» **What is needed**
Please reproduce the lines from the one containing "Baseus Big Energy" through the end of the data below exactly as they stand, and omit all pictures.

» **Dataset content**
-- Opening Marker --

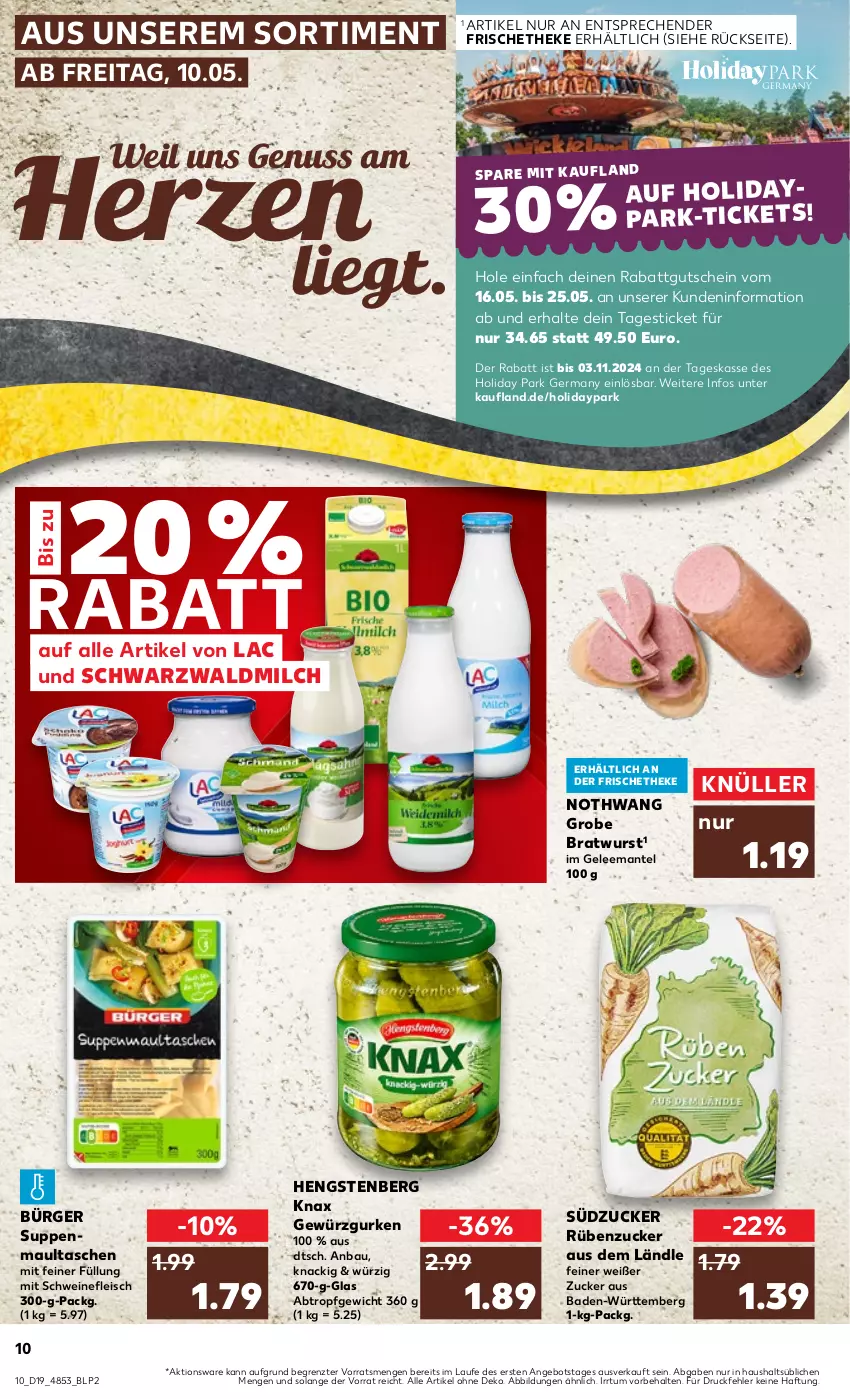 Aktueller Prospekt Kaufland - Prospekt - von 09.05 bis 15.05.2024 - strona 10 - produkty: angebot, Bad, Bau, bratwurst, eis, fleisch, gelee, Germ, gewürz, Gewürzgurke, gewürzgurken, grobe bratwurst, gurke, gurken, gutschein, hengstenberg, Mantel, maultaschen, milch, nuss, schwein, schweine, schweinefleisch, südzucker, suppe, suppen, Tasche, taschen, Ti, wein, weine, wurst, ZTE, zucker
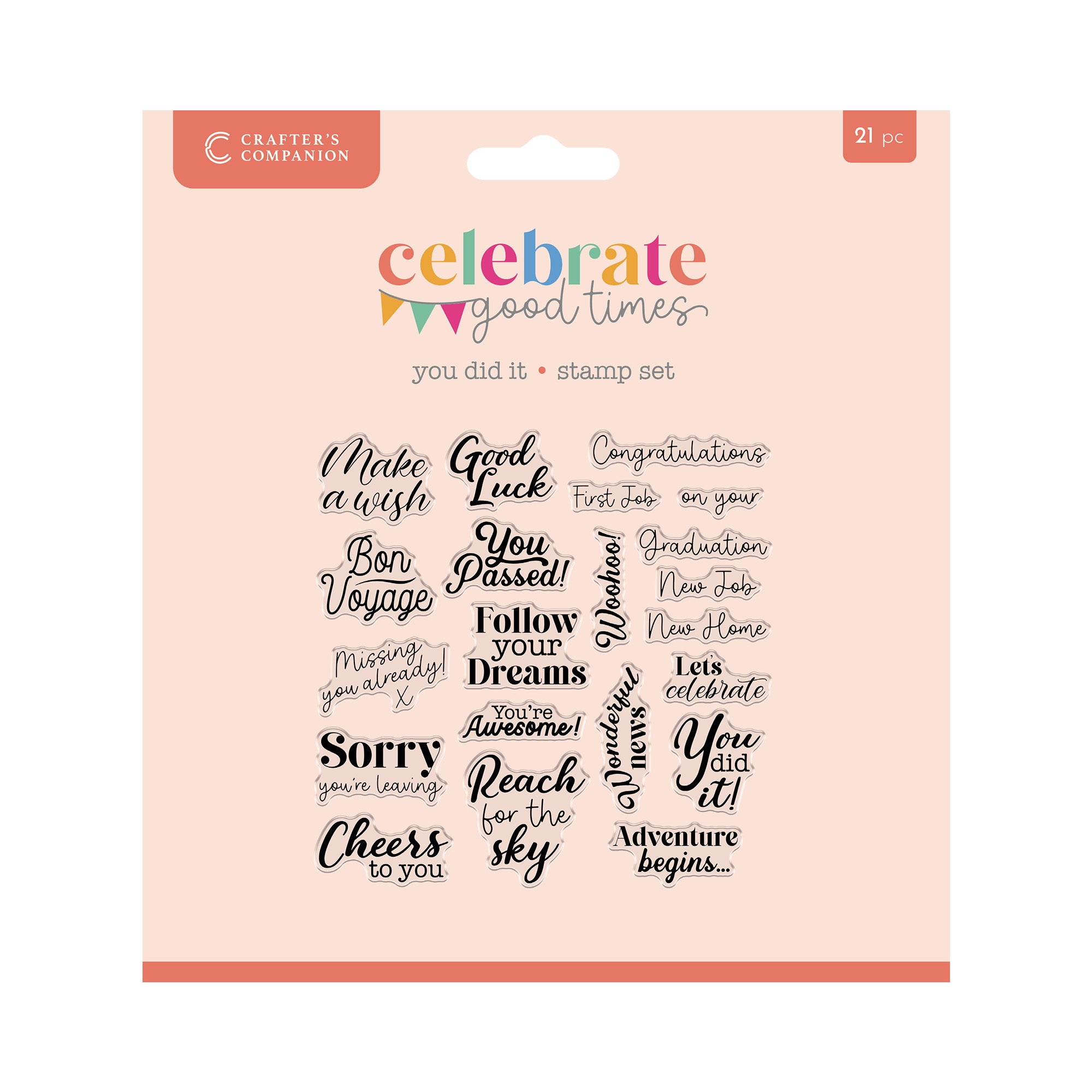 Crafter’s Companion Celebrate Good Times Collection Clear Acrylic Stamp - You Did It!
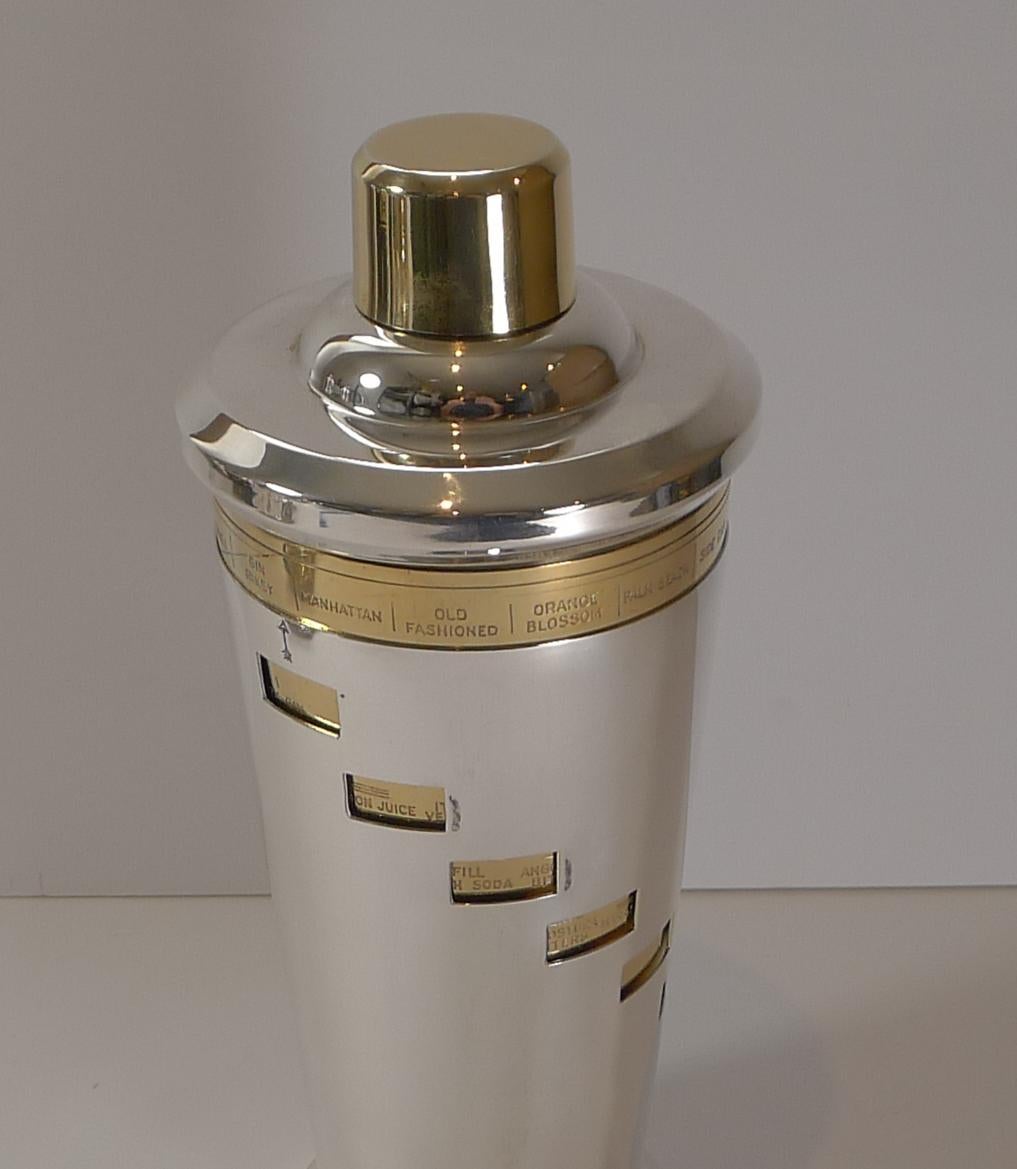 A fabulous vintage Italian recipe cocktail shaker having been professionally restored to it's former glory by our silversmith.

The arrow on the outer sleeve is pointed to the desired cocktail and the ingredients are revealed in each of the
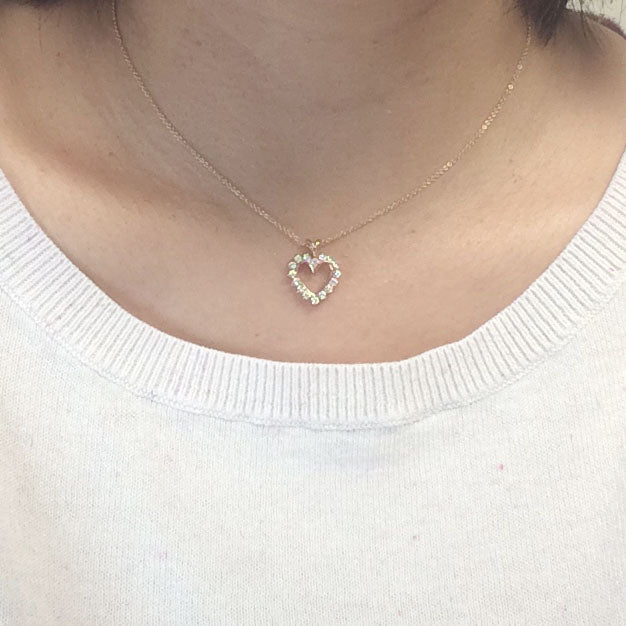 14K 0.40CT DIAMOND HEART NECKLACE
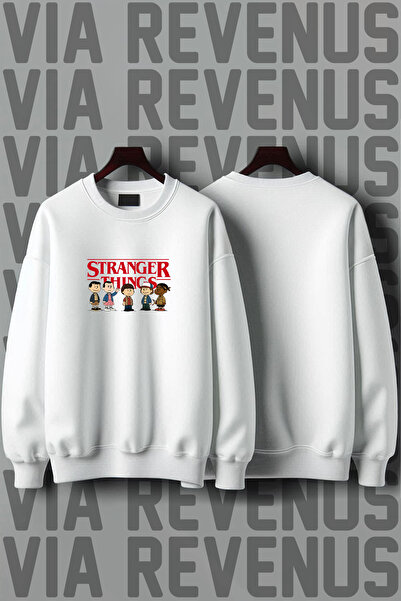 Vordevia Hanorac Stranger Things cu imprimeu cu gât rotund, cu cu căptușeală din fleece fire, Sh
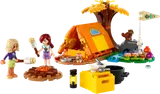LEGO Friends camping set with minifigures and tent.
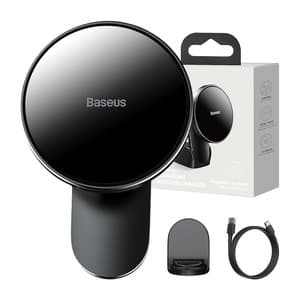 Baseus Big Energy bilholder med trådløs oplader 15W til Iphone 12 / Iphone 13 (Sort)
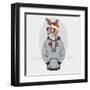 Kangaroo Boy in Urban Style with Headphones - Fashion Animal Illustration-Olga_Angelloz-Framed Art Print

-- Closing Marker --

» **Answer to this problem**
 Baseus Big Energy bilholder med trådløs oplader 15W til Iphone 12 / Iphone 13 (Sort)
 Kangaroo Boy in Urban Style with Headphones - Fashion Animal Illustration-Olga_Angelloz-Framed Art Print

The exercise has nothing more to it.